• **Exercise objective**: Print exactly the lines below between the line containing "Šátek šáteček letuška" and the line containing "Modern Geometric Wall", counting both of those lines. Leave pictures out.

• **Materials provided**:
==================================================

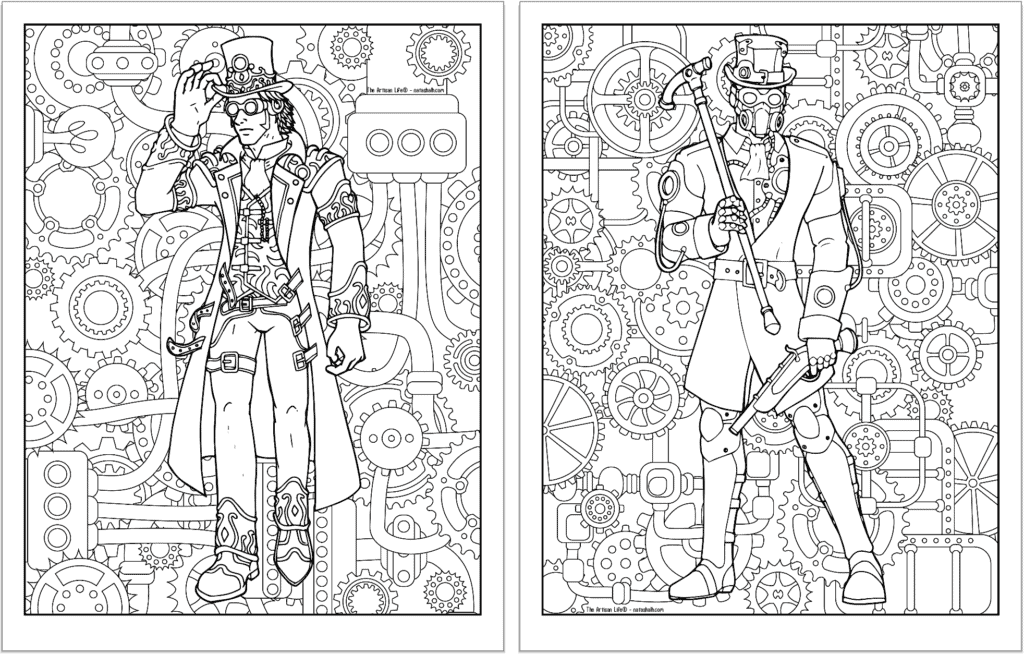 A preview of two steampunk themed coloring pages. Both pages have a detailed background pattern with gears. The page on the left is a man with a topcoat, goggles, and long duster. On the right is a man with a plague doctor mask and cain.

==================================================

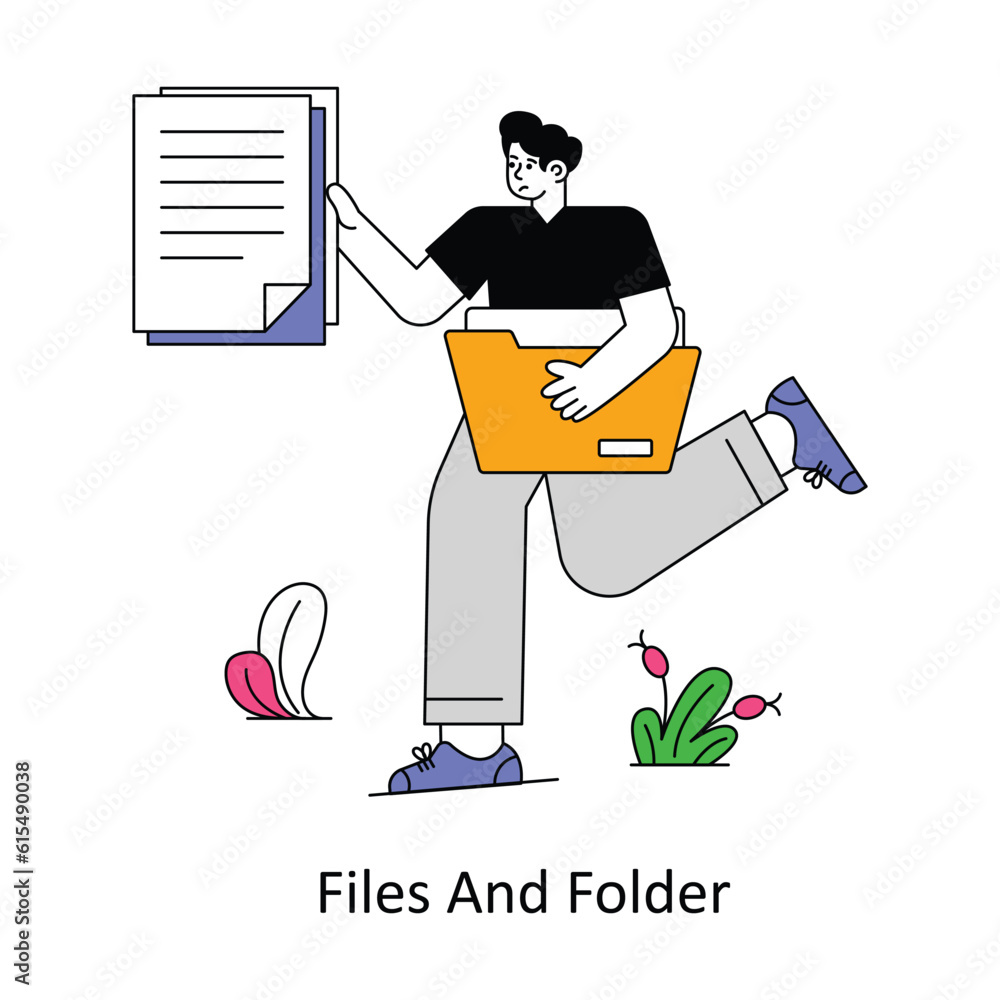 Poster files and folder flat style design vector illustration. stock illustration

==================================================

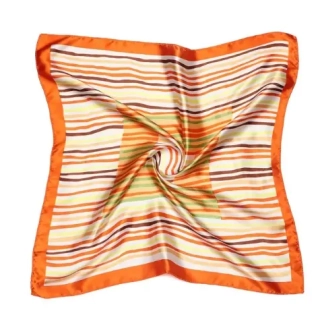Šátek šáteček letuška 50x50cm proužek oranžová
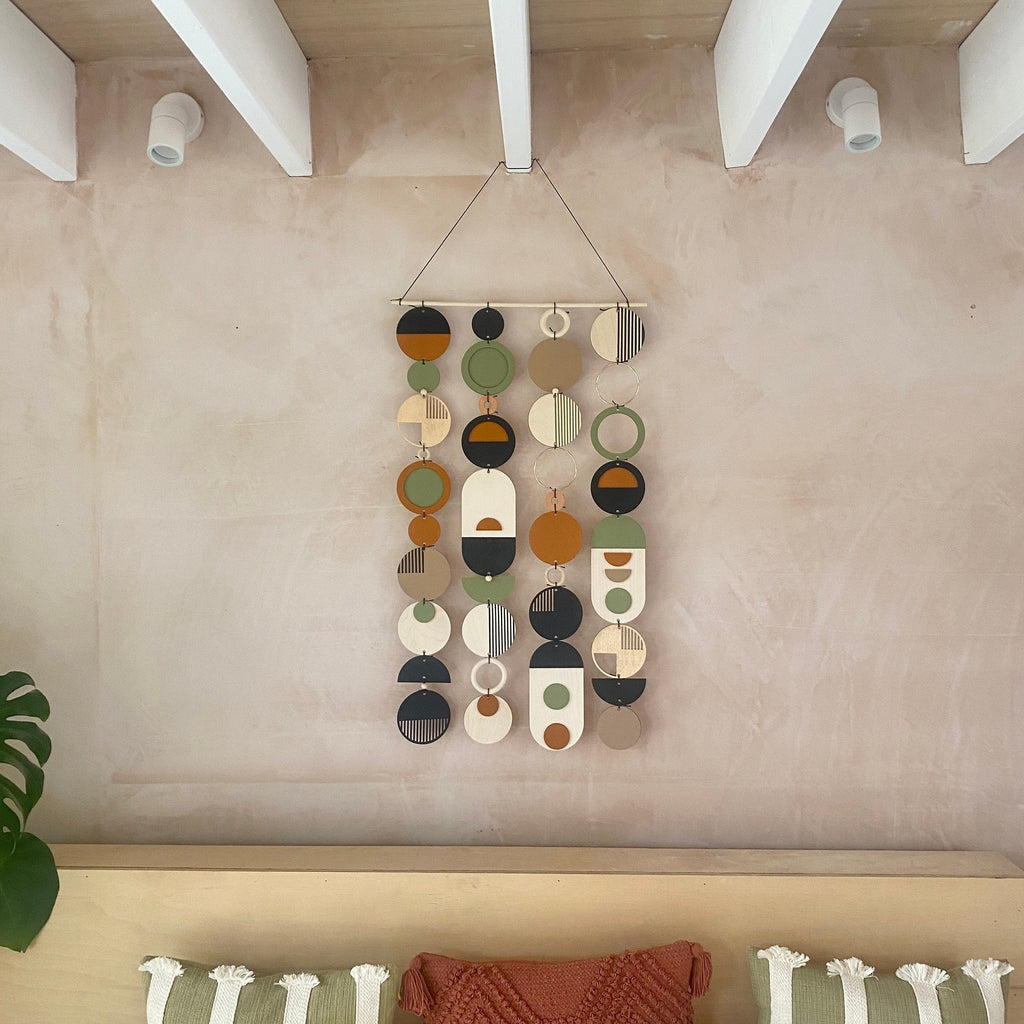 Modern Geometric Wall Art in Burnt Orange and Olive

==================================================

• **Task solution**:
Šátek šáteček letuška 50x50cm proužek oranžová
 Modern Geometric Wall Art in Burnt Orange and Olive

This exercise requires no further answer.